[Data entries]
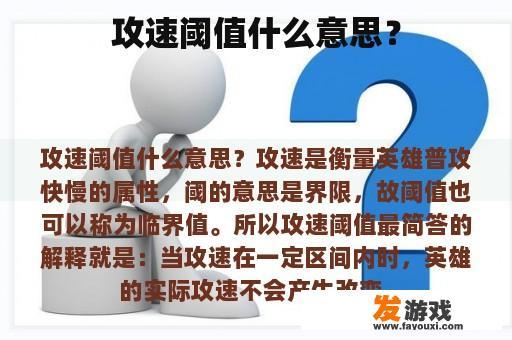 攻速阈值什么意思？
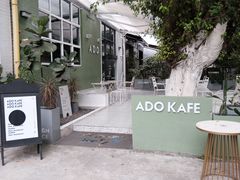 -ADO KAFE(大学城店)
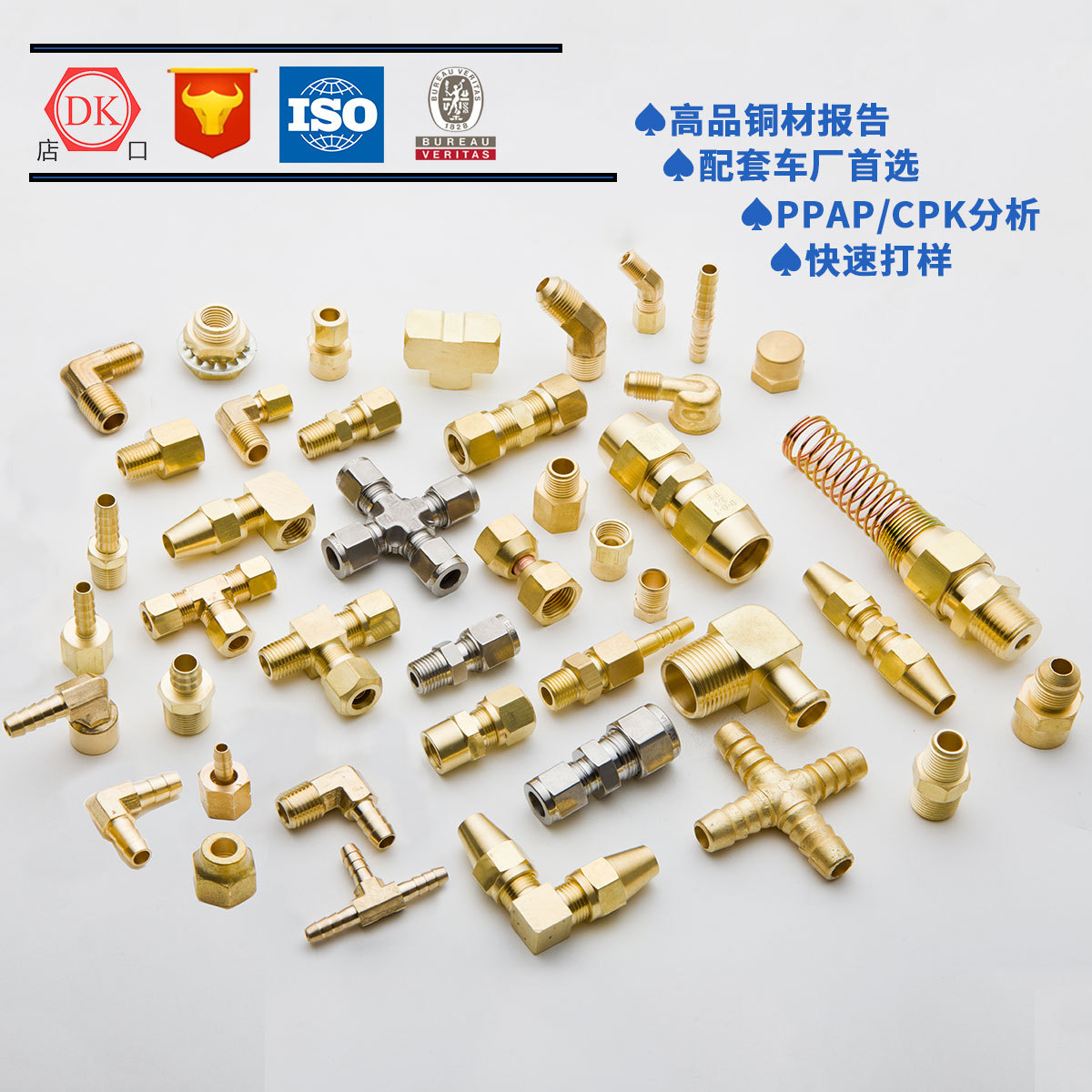 ���Ҳ���ּ��ӹ� �Ǳ�304����ֽ�ͷ���� 316����ֳ������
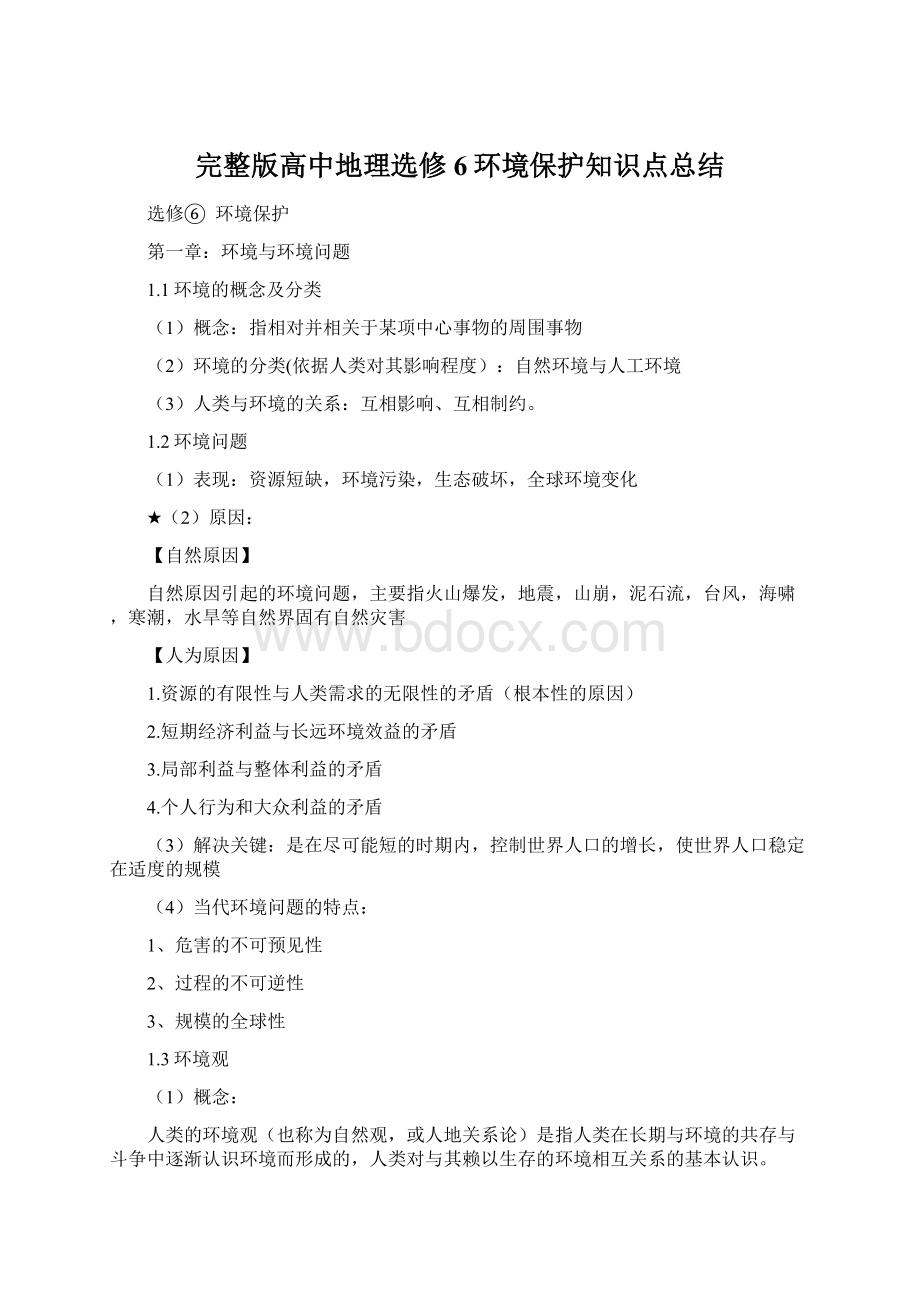 完整版高中地理选修6环境保护知识点总结.docx_第1页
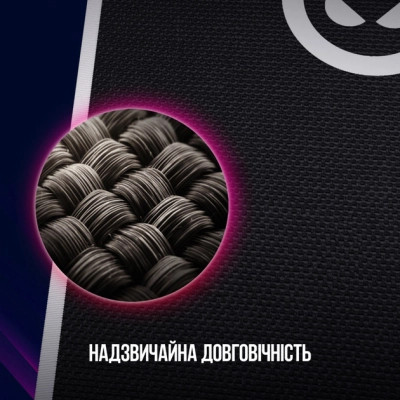 Килимок для мишки Lorgar Legacer 753 Black (LRG-CMP753)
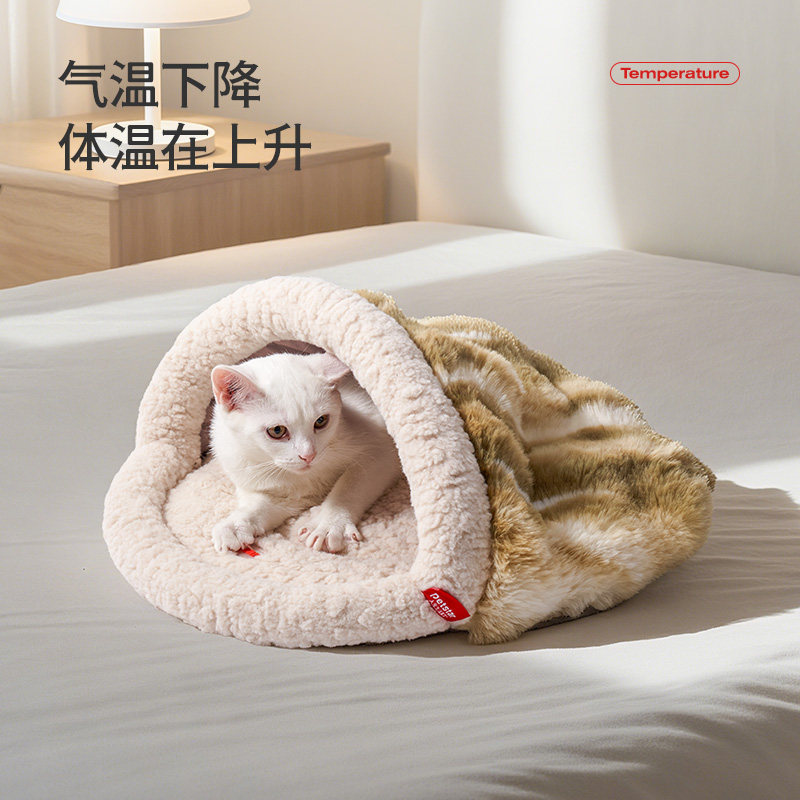 【petstar_泡泡睡袋窝】猫窝冬季封闭式保暖安全感窝小型犬睡觉用,淘宝优惠券,粉丝福利购,淘宝优惠卷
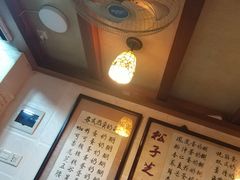 -玫瑰甜品(文明路店)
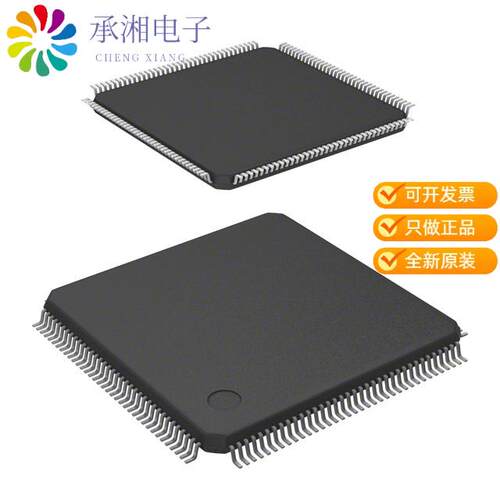 全新STM32F429ZGT6正品IC MCU 32BIT 1MB FLASH 144LQFP
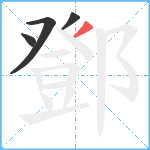 鄧笔顺分解图片4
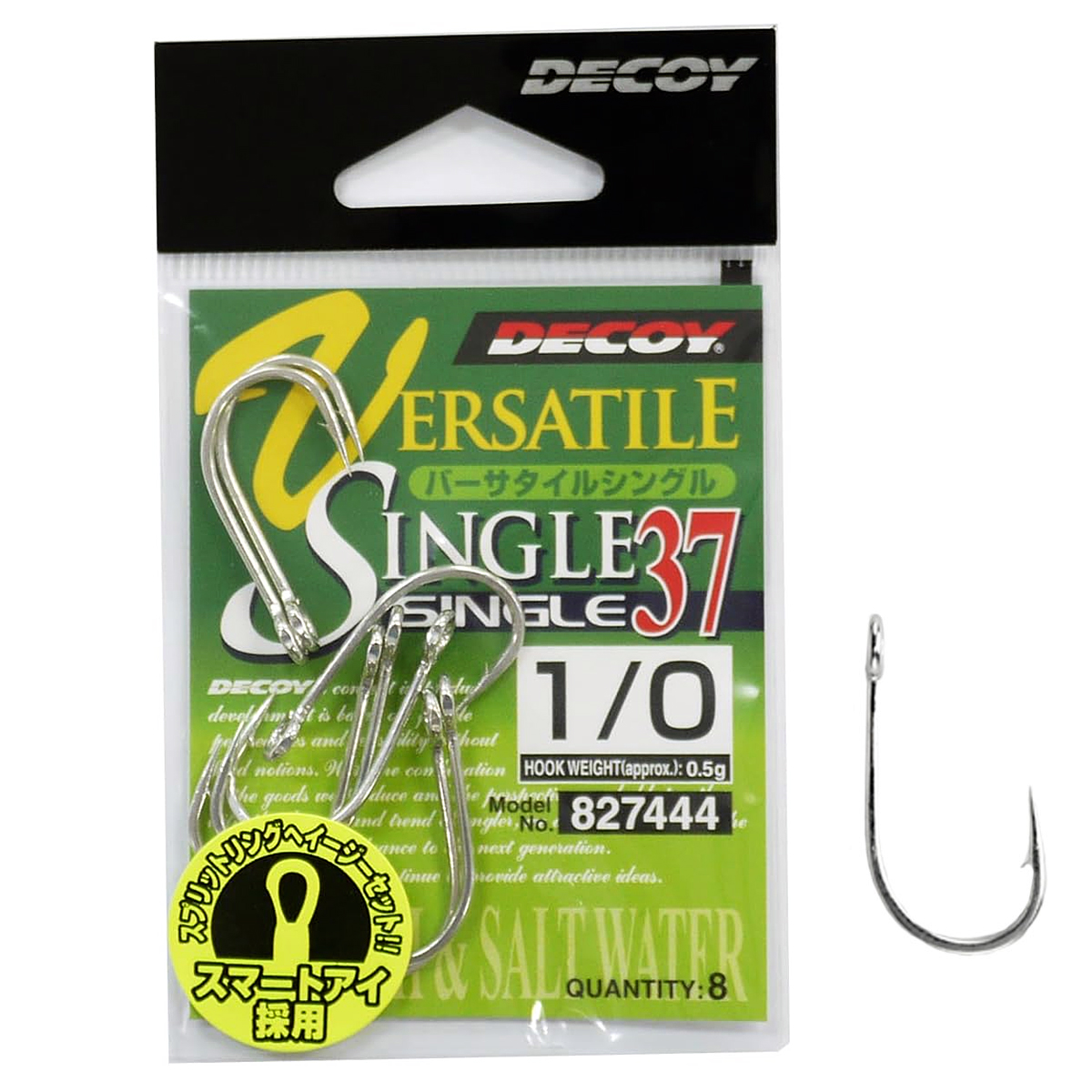 Крючок Decoy Single 37 Versatile single #2/0 8pcs фото 7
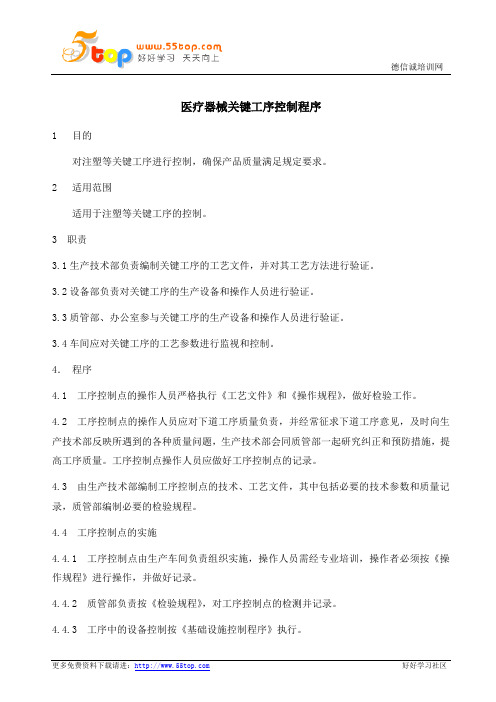 医疗器械关键工序控制程序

**Work instructions:** When you find the line that contains "完整版高中地理选修6环境保护知识点总结.docx_第1页", retype it and every line after it through the end of the data above, exactly, with no pictures.

**Output of the exercise:**
 完整版高中地理选修6环境保护知识点总结.docx_第1页
 Килимок для мишки Lorgar Legacer 753 Black (LRG-CMP753)
 【petstar_泡泡睡袋窝】猫窝冬季封闭式保暖安全感窝小型犬睡觉用,淘宝优惠券,粉丝福利购,淘宝优惠卷
 -玫瑰甜品(文明路店)
 全新STM32F429ZGT6正品IC MCU 32BIT 1MB FLASH 144LQFP
 鄧笔顺分解图片4
 Крючок Decoy Single 37 Versatile single #2/0 8pcs фото 7
 医疗器械关键工序控制程序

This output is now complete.